"I live and work in Boston. As a member of this community, i am committed to teaching in the boston public schools."

-Bernadine Lormilus


As a native of Boston, and a product of the Boston Public Schools, Bernadine Lormilus identifies with every eager and inquisitive student in her classroom at the John Winthrop Elementary School in Dorchester. Her desire to teach in the BPS comes from her commitment to the students and communities of Boston with which she is very familiar.

Bernadine appreciates that professional learning opportunities she receives to help her meet the needs of every student in her school, and also takes advantage of the many teacher leadership opportunities in the BPS to help her grow as a professional and lead her colleagues.

Bernadine At-A-Glance

Hometown: Dorchester, Massachusetts

Alma Mater (Undergraduate): Regis College

Position: Grade 3 Teacher, John Winthrop Elementary School

Best book/website for teachers: Teaching with Love and Logic: Taking Control of the Classroom by Jim Fay and David Funk

Favorite place in Boston: The Prudential Center

In order to unwind, I watch: Dancing with the Stars

Restaurant recommendation: The Blarney Stone in Dorchester, MA

Q&A: Bernadine's Perspective

The Boston Public Schools Office of Human Capital sat down with Bernadine Lormilus in fall 2014 to learn more about her experiences in the Boston Public Schools as a community member, teacher, and educator of color.
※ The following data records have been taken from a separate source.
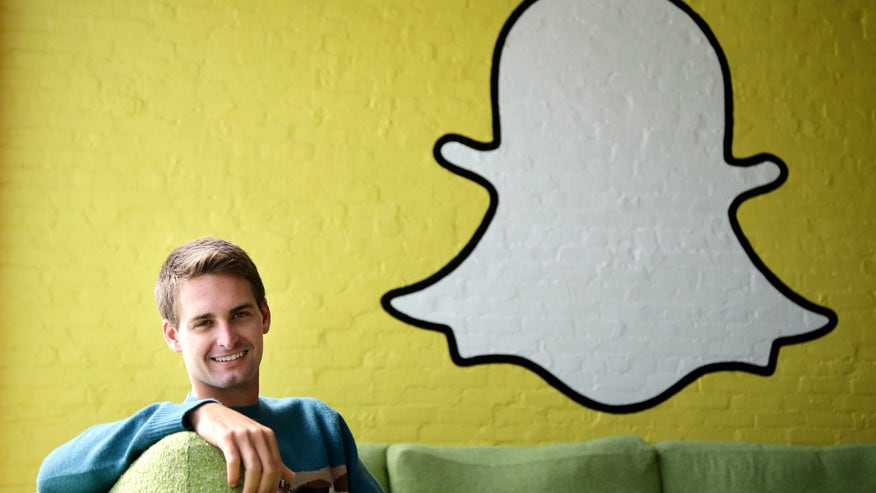 Snapchat CEO Evan Spiegel and logo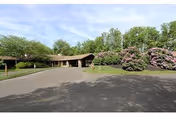 Wide view of Luther Woods Nursing and Rehabilitation Center front entrance with landscaped approach.
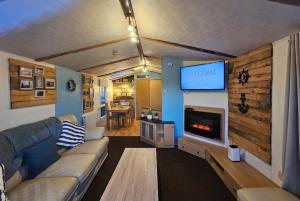 a living room with a couch and a tv at Riverscape Northumberland in Ashington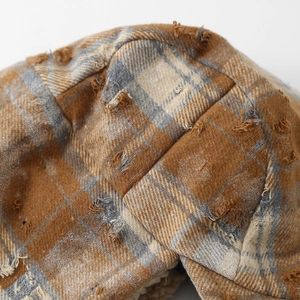 Retro brown checkered trapper hat for boys with distressed edges and warm fleece lining
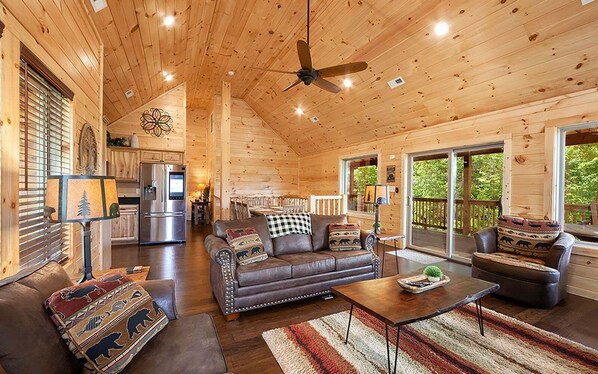 A spacious wooden cabin with a living area, kitchen, and dining space.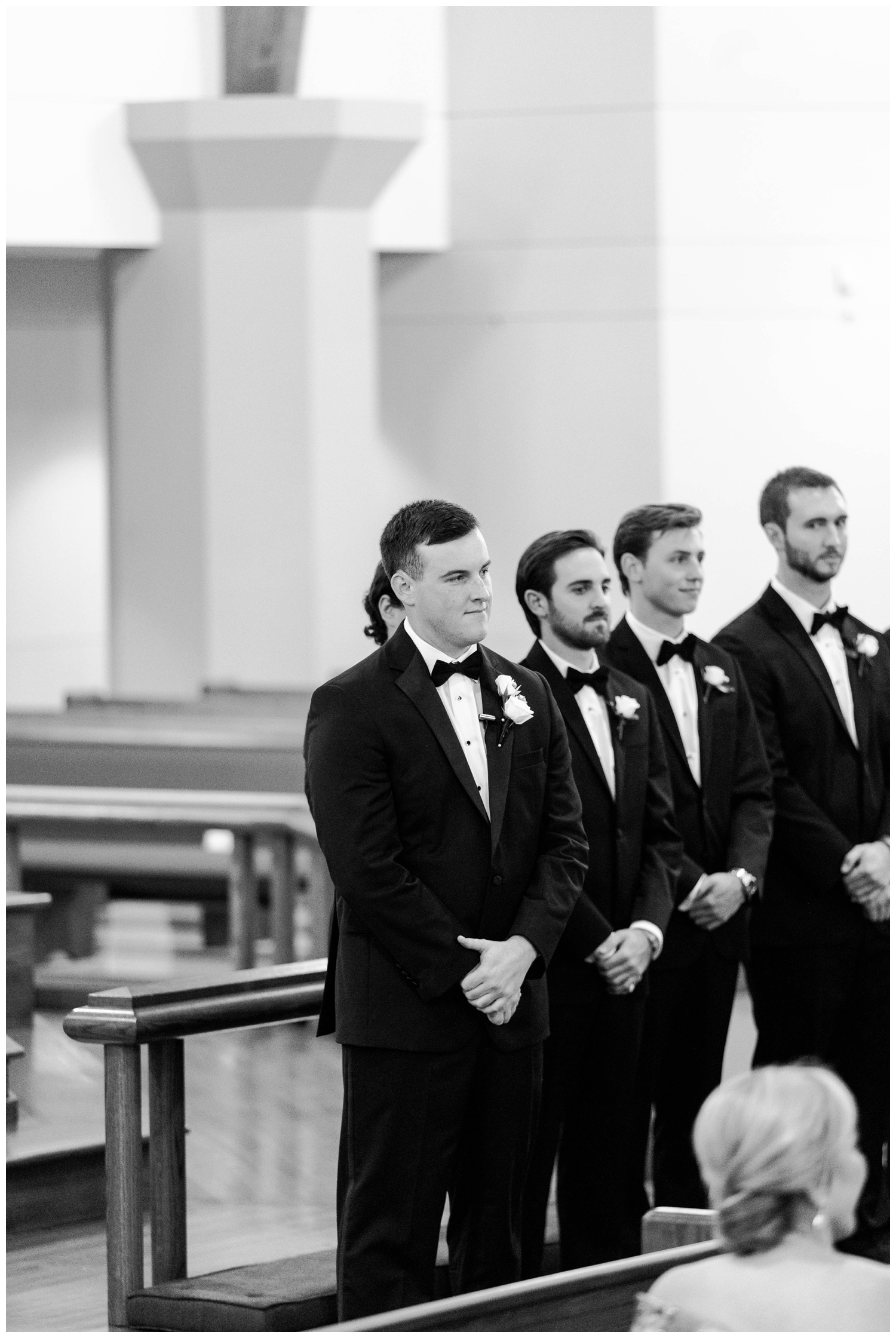 groom standing at altar waiting for bride to walk down aisle Sugarland Methodist Church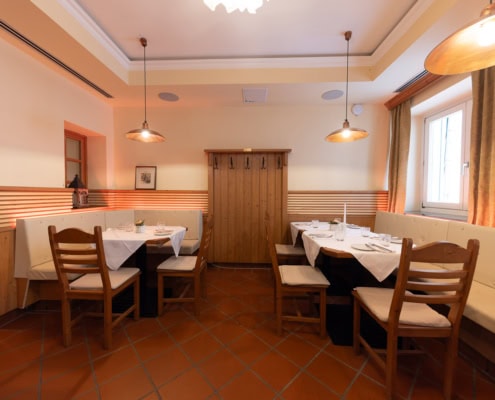 © Adrian Almasan | www.adrianalmasan.com Gemütlicher Speisebereich im Restaurant Das Chadim mit Holzmöbeln, Tischdecken und warmem Licht, geeignet für Familienfeste und kleinere Firmenfeiern.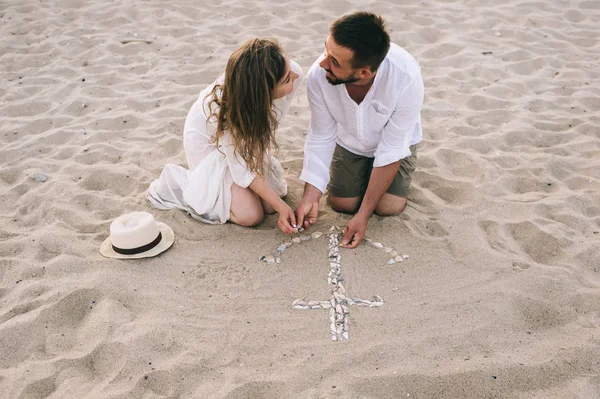 在沙滩上的年轻夫妇奠定了贝壳的锚 — 图库照片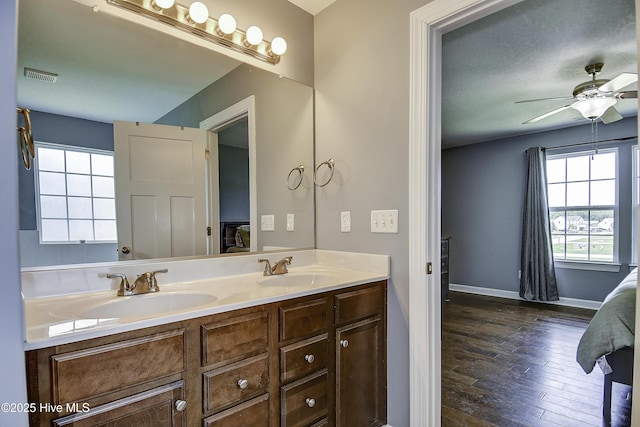115 Elrod Rd, Moyock, NC 27958 - bathroom featuring connected bathroom, plenty of natural light, and hardwood / wood-style floors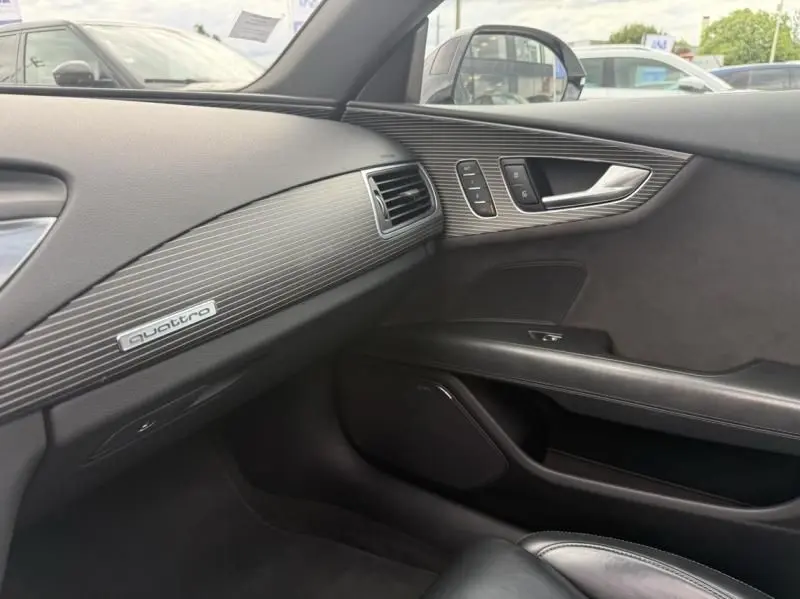 Vue intérieure côté passager de l'Audi A7 Sportback 2018 avec tableau de bord et insert décoratif Quattro en finition noire.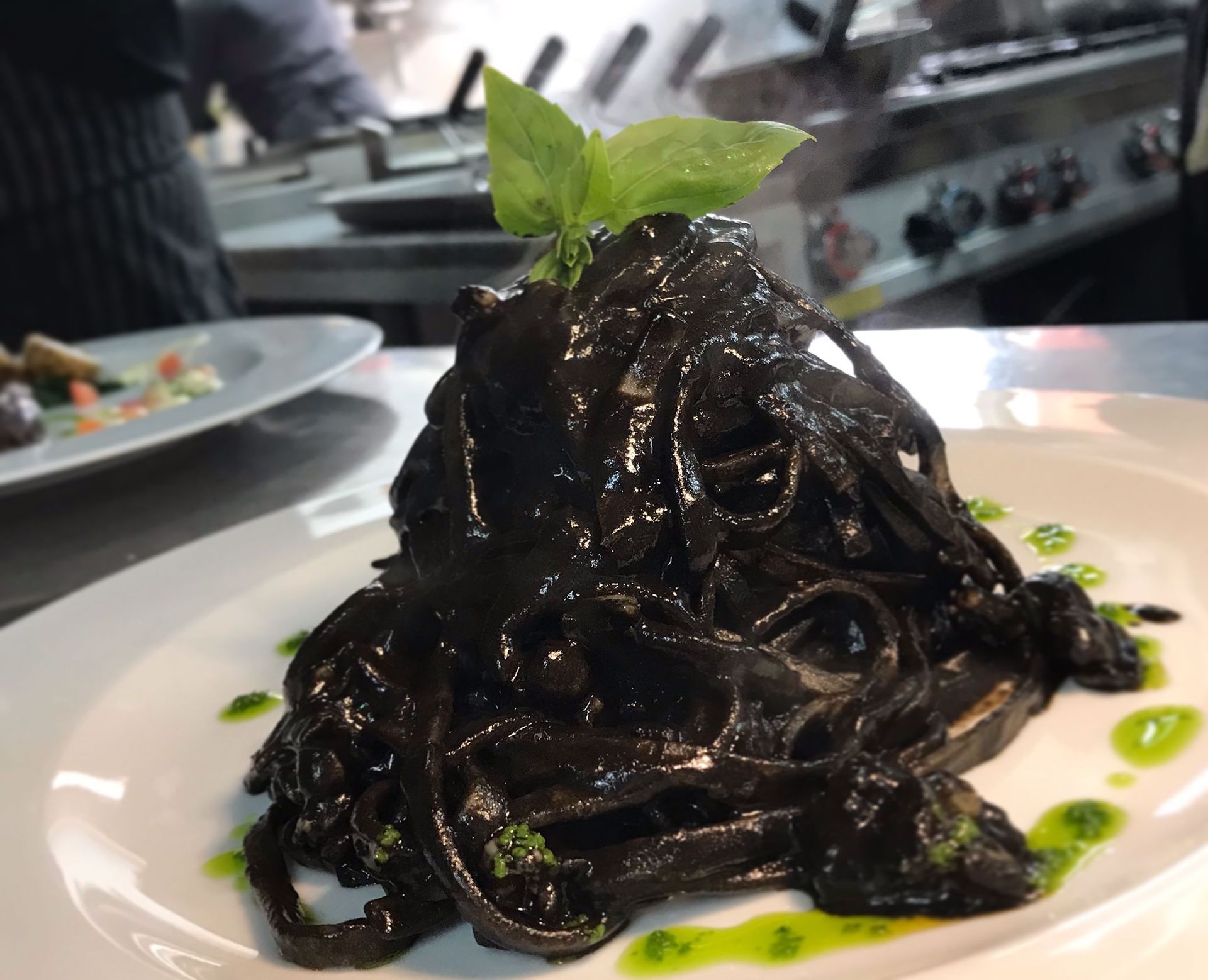 Un piatto bianco con sopra tagliatelle nere e salsa verde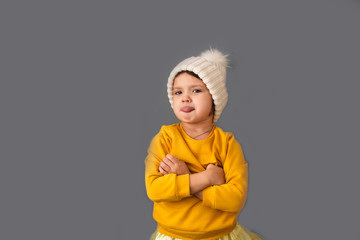 Funny caucasian child in knitted hat with pompom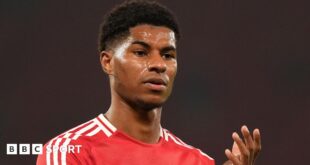 Manchester United forward Marcus Rashford claps fans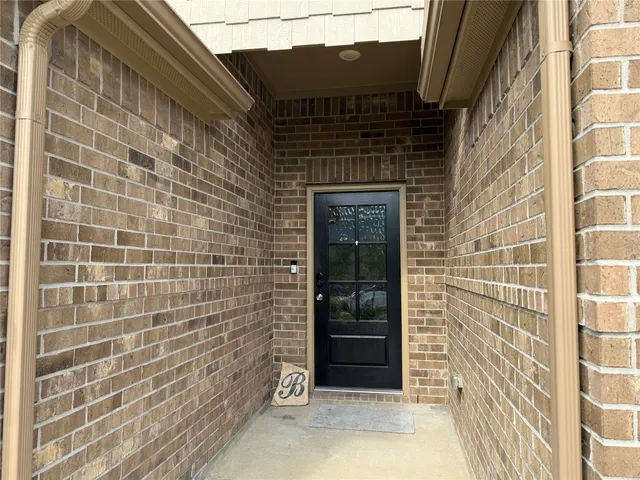 a view of gallery with wooden floor and windows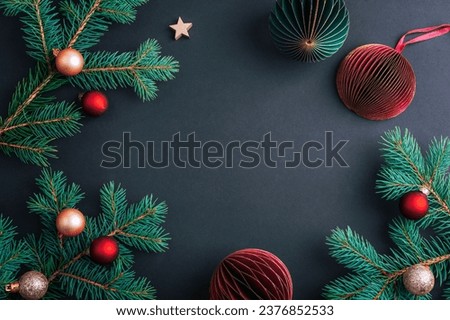 Christmas frame made of fir branches with Christmas balls on black background. Top view, flat lay, copy space.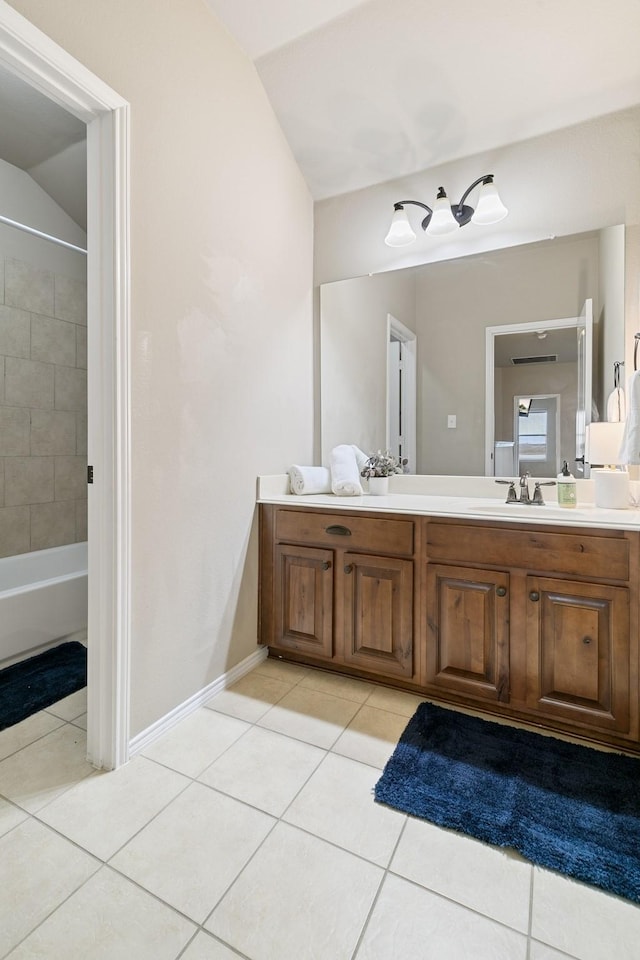 full bath with tile patterned floors, vanity, and vaulted ceiling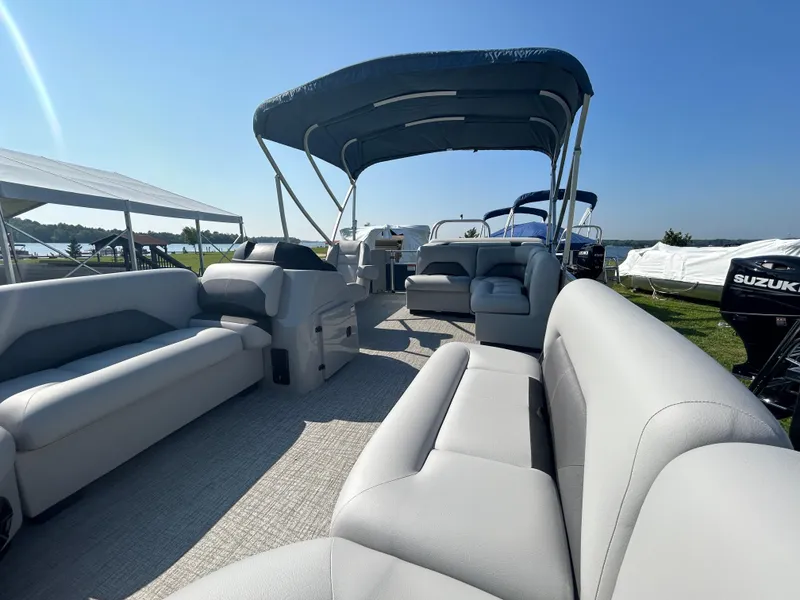 Slide: The Image of 2023 Landau Island Breeze 232 Cruise pontoon boat with spacious seating and modern design. - 8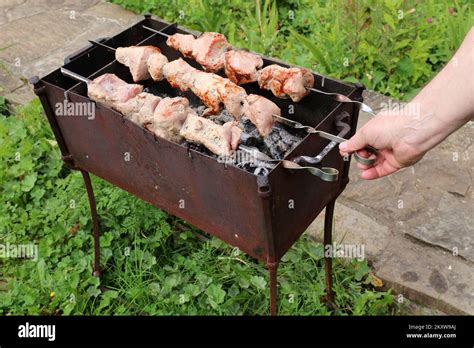 Pieces Of Meat Are Roasted On Hot Coals Stock Photo Alamy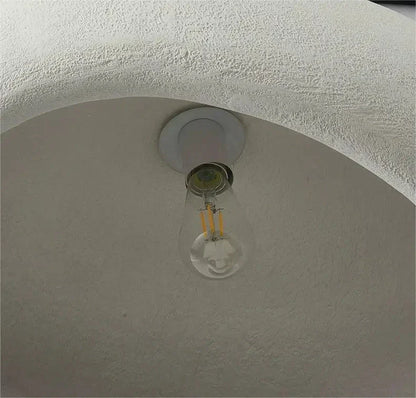 Clear glass led bulb with visible filament in white fixture of decorbites modern nordic chandelier emitting warm light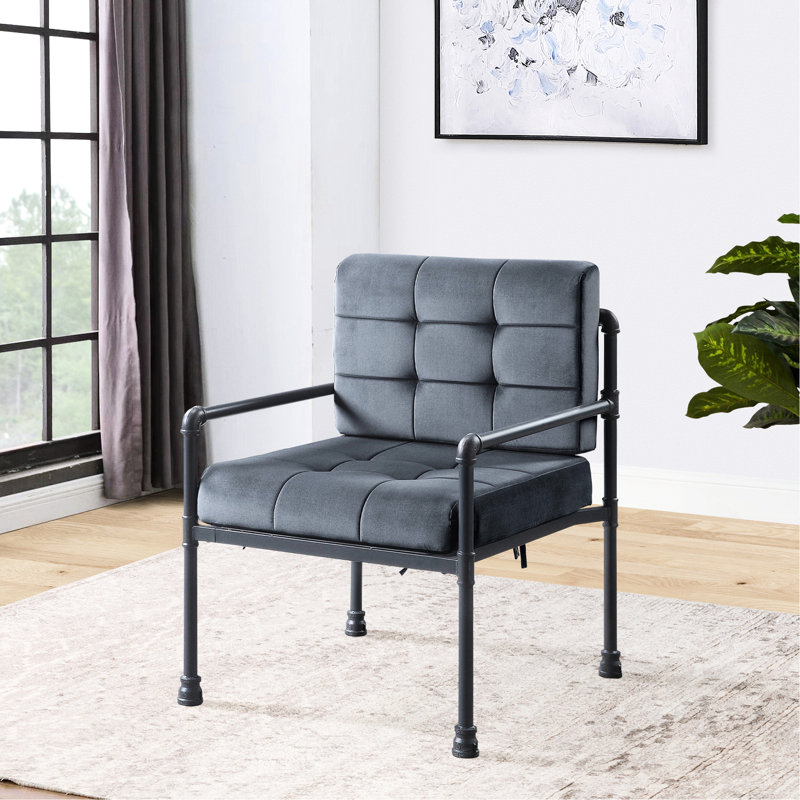 Chaise grise industrielle aux lignes épurées et coussins en tissu à motif géométrique, dossier souple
Here's what we learned during our time with Bernadine.

Why do you love to teach?  I love the zeal that my students bring with them to school each day, so they can learn and apply new learning.

What is one of your keys to success in the classroom?  I believe in analyzing and reflecting on my teaching instruction by using student work and implementing multi-modal approaches to help reach all of my learners.  

What was the best unit/lesson you've ever taught? I recently taught a lesson about reading complex texts. Students were placed in groups of 3-4 and each group had an assigned article from the Universal Declaration of Human Rights.  Students had to read, annotate, use context clues and Greek affixes to identify meanings of words, and paraphrase the article.  Then, each group had to present the information from the article using words and actions. The lesson was a huge success. 

As a Boston teacher...I’ve been an active member of the NAACP Educational Committee and I was accepted as a Teach Plus Policy Fellow. Both opportunities have been wonderful experiences for me. 

Dinner with anyone, dead or alive? Rosa Parks.